| |
Intubation and Commencing Mechanical Ventilation
Version 2 August
2000
By
Patrick Neligan
All
tutorials located on this site are the property of Patrick
Neligan and are for personal study purposes only. They are not
peer reviewed and no responsibility is taken for inaccuracies. These
tutorials must not be reproduced without permission or used in any
other publication.
Contents
- Clinical Scenarios*.
- Endotracheal tubes
- Laryngoscopes
- The process of intubation
- "Going asleep for intubation" – what anaesthetists do
- Why critical care patients are different
- The haemodynamic consequences of intubation / initiation of
ventilation
- The initiation of ventilation.
- Criteria for initiation of mechanical ventilation.
- Criteria for successful extubation
- Key Points
*Solutions are not presented here at the moment. These
scenarios are given to make you think, there are many ways of
"skinning a cat", what is important is a safe and compelling
arguement.
Clinical Scenarios
Case 1.
A 57 year old male presents with acute abdominal pain. His abdomen is
distended, and on chest x-ray there is air under the diaphragm an
effusion in his right base. His blood pressure is 70/40, pulse 130, resp
rate 35. His blood gases are pH 7.1, PO2 6.5, PCO2 7.22, HCO- 18, BE –5.
The diagnosis is a perforated viscus, with septic shock. How would
you go about intubating this patient?
Case 2.
A 74 year old female presents in severe respiratory failure as a
result of COPD. Her PO2 is 5.5kPa (41mmHg) on FiO2 of 0.8 and CPAP of 7.5. Her CO2
is 12kPa (90mmHg). She is drowsy from CO2 narcosis.
What criteria would you use to decide whether or not to mechanically
ventilate this patient?
Case 3.
A 16 year old male is rescued from a house fire. He has inhaled a lot
of gas, and has a PO2 of 7kPa (52mmHg) and a carboxyhaemoglobin of 30%. His
eyebrows are singed and there is soot on his tongue.

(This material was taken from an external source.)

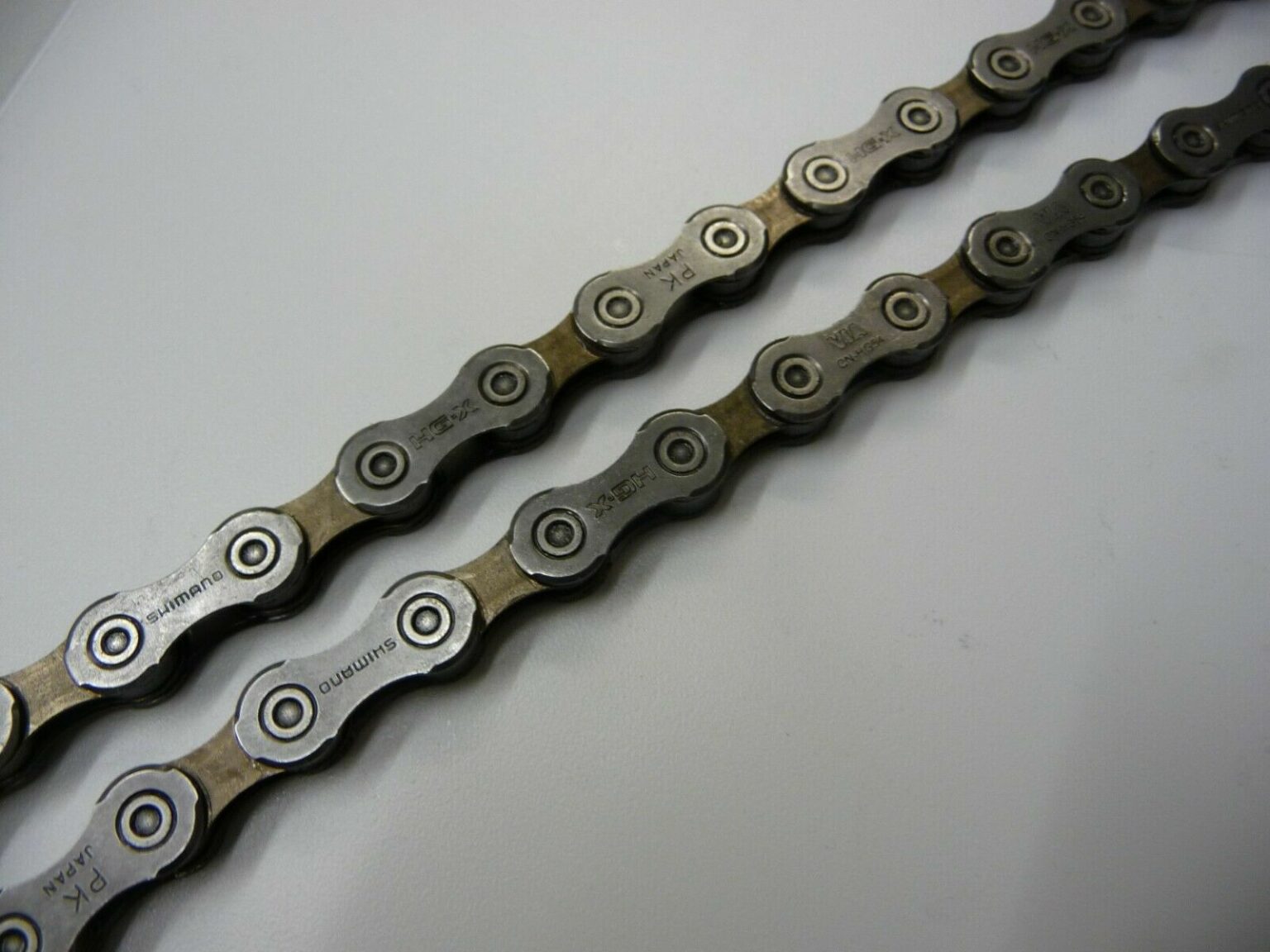 hgx 10 speed chain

Does this patient require mechanical ventilation and if so why?
Solutions:
These are three patients who will require ventilatory assistance. The
first patient is hemodynamically unstable. The administration of even
small amounts of hypnotic agent will cause a precipitous drop in this
patient's blood pressure, which is currently being maintained by severe
sympathetically mediated vasoconstriction (hypnotic agents reverse
this). There is no conventional method for preparing this patient for
intubation, but I would administer a small amount of local anesthetic
spray to the tongue and pharynx, and intubate without muscle relaxants.

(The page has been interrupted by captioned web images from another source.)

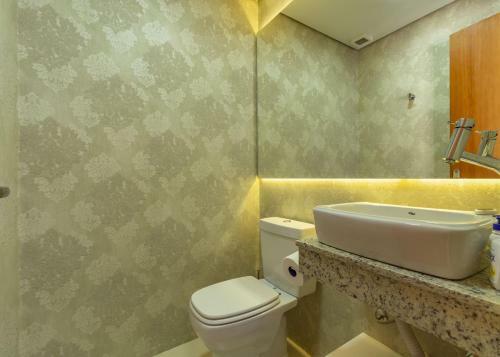 Rosa Apartamento Solar Da Encosta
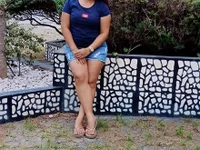 Модель asianwet4u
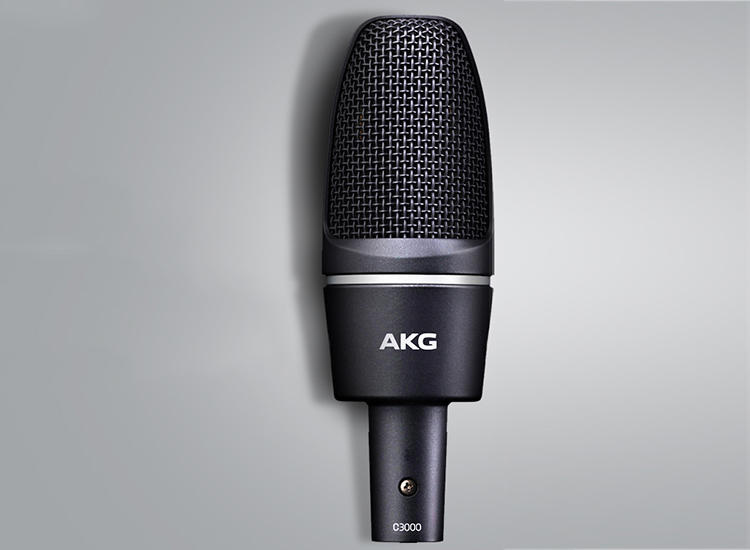 直播入门级电容麦克风推荐,如何选购一款好的主播麦克风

When the airway is secured, manual ventilation should be gentle so as to
avoid reducing preload.
There are three reasons for commencing mechanical ventilation: 1.

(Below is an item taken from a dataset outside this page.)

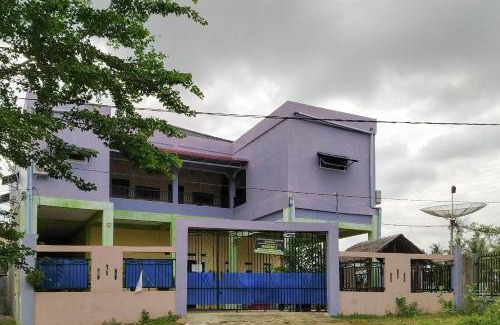 Lhokseumawe Hotel | Budget-Friendly Habieb Homestay Syariah near Universitas Malikussaleh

Airway protection - eg. in unconscious patients following a head
injury
2. Ventilation failure - stroke, myasthenia gravis, Guillain Barre
syndrome etc.
3. Oxygenation failure - which is caused by either increased dead space
ventilation (pulmonary embolism/hypovolemia) or increased shunt
(pneumonia, ARDS, pulmonary edema).
A number of criteria are conventionally given to help decide on
whether or not to ventilate patients:
1. Respiratory rate >35 breaths/minute.
2. PaCO2 >55mmHg (acute retention, respiratory acidosis).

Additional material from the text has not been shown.